Directions for this task >> Would you transcribe the whole listing exactly and drop its images?

*** Data for analysis ***

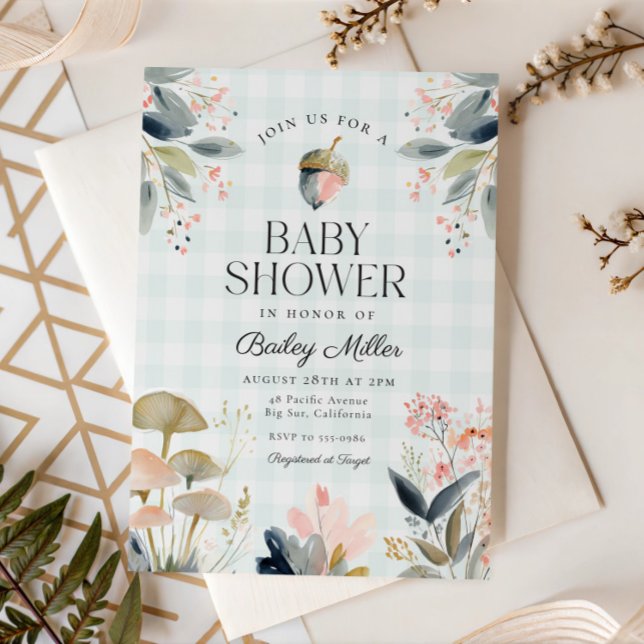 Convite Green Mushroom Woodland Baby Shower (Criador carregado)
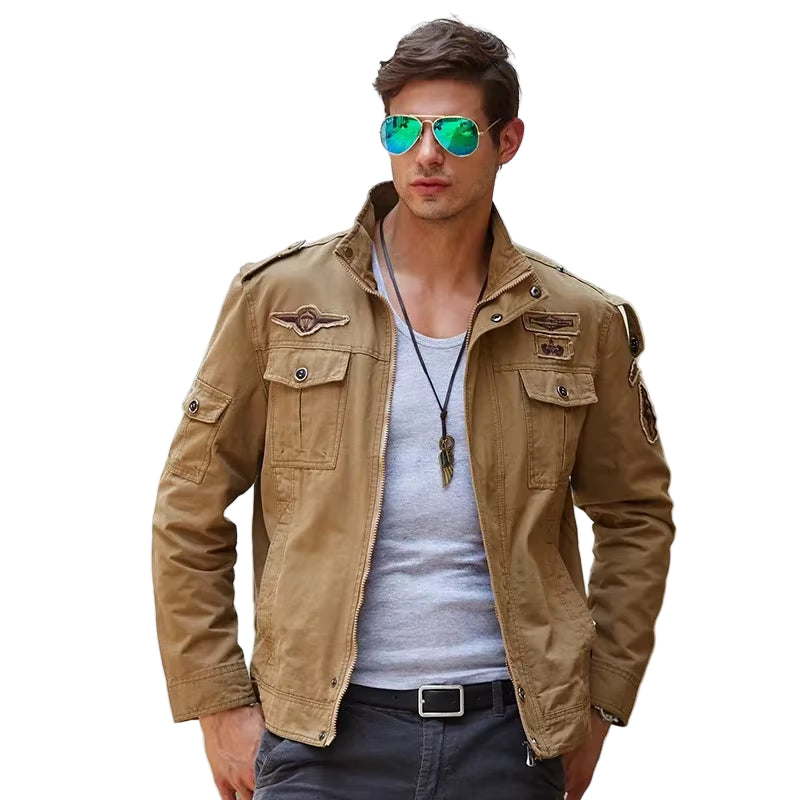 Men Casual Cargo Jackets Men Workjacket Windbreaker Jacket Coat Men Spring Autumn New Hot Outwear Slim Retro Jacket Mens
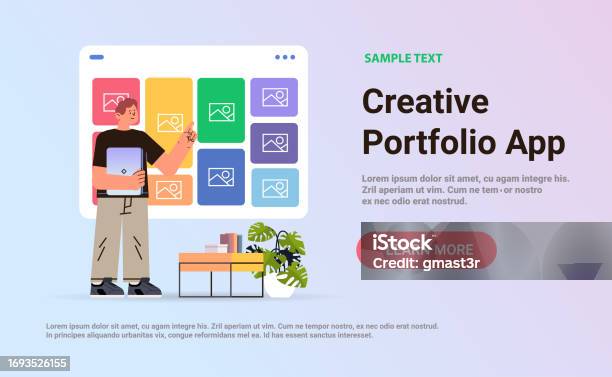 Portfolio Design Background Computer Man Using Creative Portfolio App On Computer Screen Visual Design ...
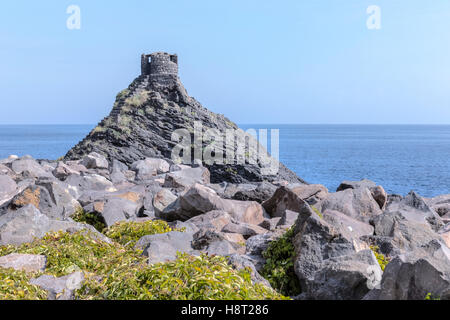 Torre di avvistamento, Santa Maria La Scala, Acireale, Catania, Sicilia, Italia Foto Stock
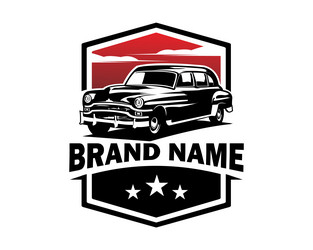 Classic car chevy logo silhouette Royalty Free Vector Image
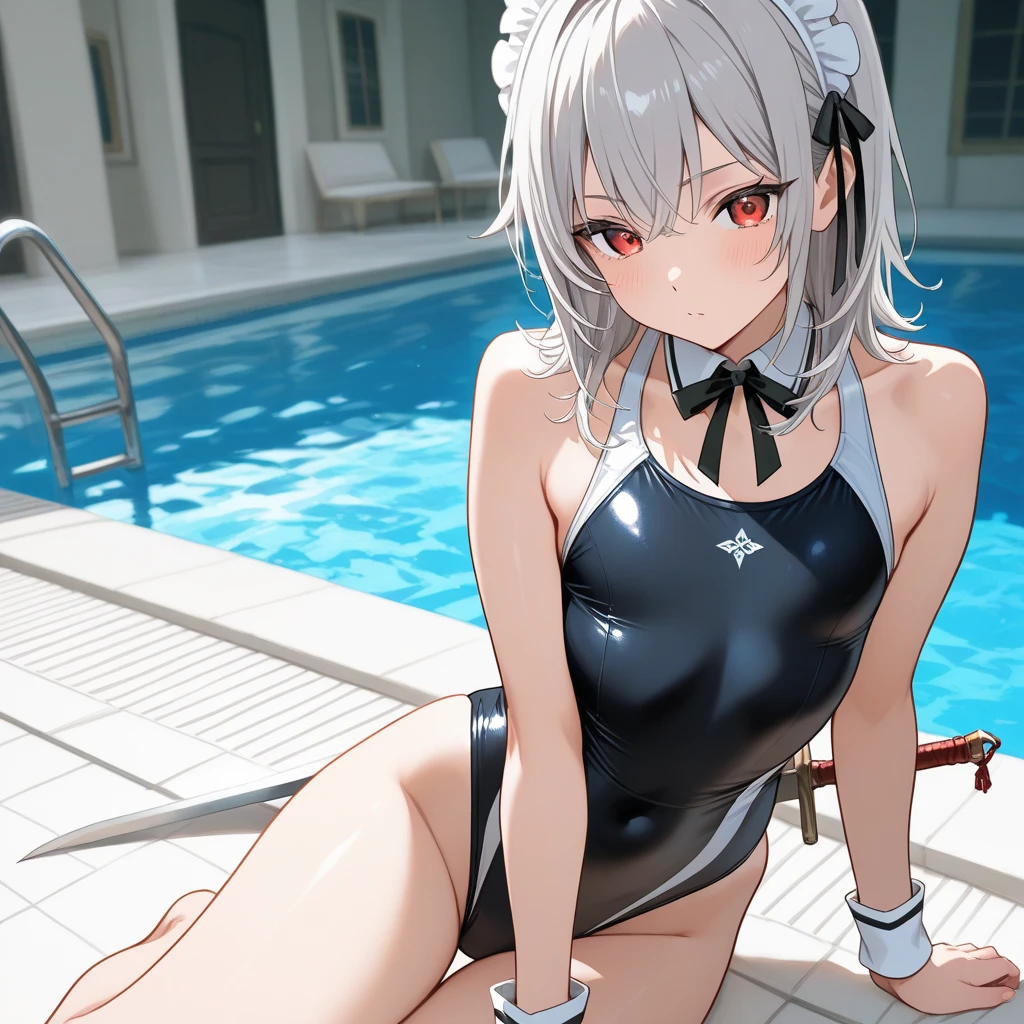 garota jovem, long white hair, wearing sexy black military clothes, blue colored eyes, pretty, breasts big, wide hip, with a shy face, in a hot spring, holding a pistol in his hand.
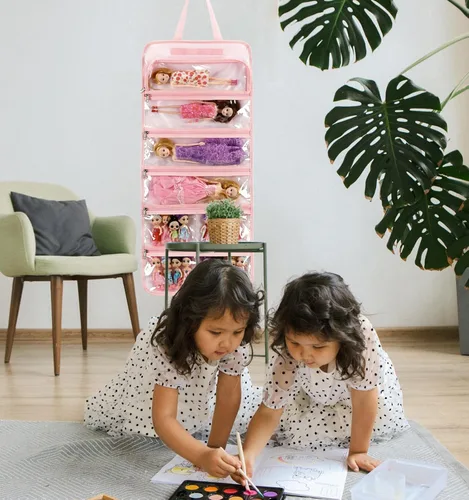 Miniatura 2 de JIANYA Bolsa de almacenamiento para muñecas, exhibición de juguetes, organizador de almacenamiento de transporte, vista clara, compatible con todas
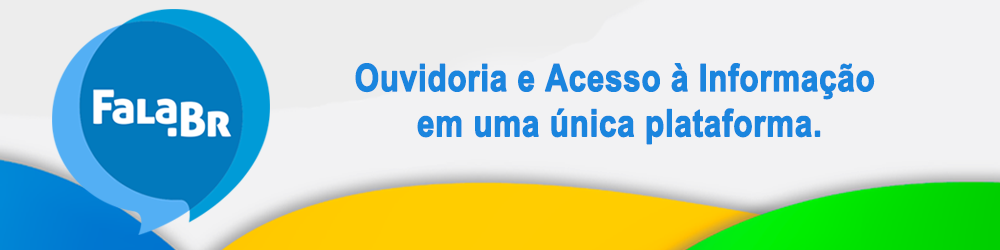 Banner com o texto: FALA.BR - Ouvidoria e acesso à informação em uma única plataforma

***

Answer to this problem >>
 Convite Green Mushroom Woodland Baby Shower (Criador carregado)
 Men Casual Cargo Jackets Men Workjacket Windbreaker Jacket Coat Men Spring Autumn New Hot Outwear Slim Retro Jacket Mens
 Portfolio Design Background Computer Man Using Creative Portfolio App On Computer Screen Visual Design ...
 Torre di avvistamento, Santa Maria La Scala, Acireale, Catania, Sicilia, Italia Foto Stock
 Classic car chevy logo silhouette Royalty Free Vector Image
 garota jovem, long white hair, wearing sexy black military clothes, blue colored eyes, pretty, breasts big, wide hip, with a shy face, in a hot spring, holding a pistol in his hand.
 Miniatura 2 de JIANYA Bolsa de almacenamiento para muñecas, exhibición de juguetes, organizador de almacenamiento de transporte, vista clara, compatible con todas
 Banner com o texto: FALA.BR - Ouvidoria e acesso à informação em uma única plataforma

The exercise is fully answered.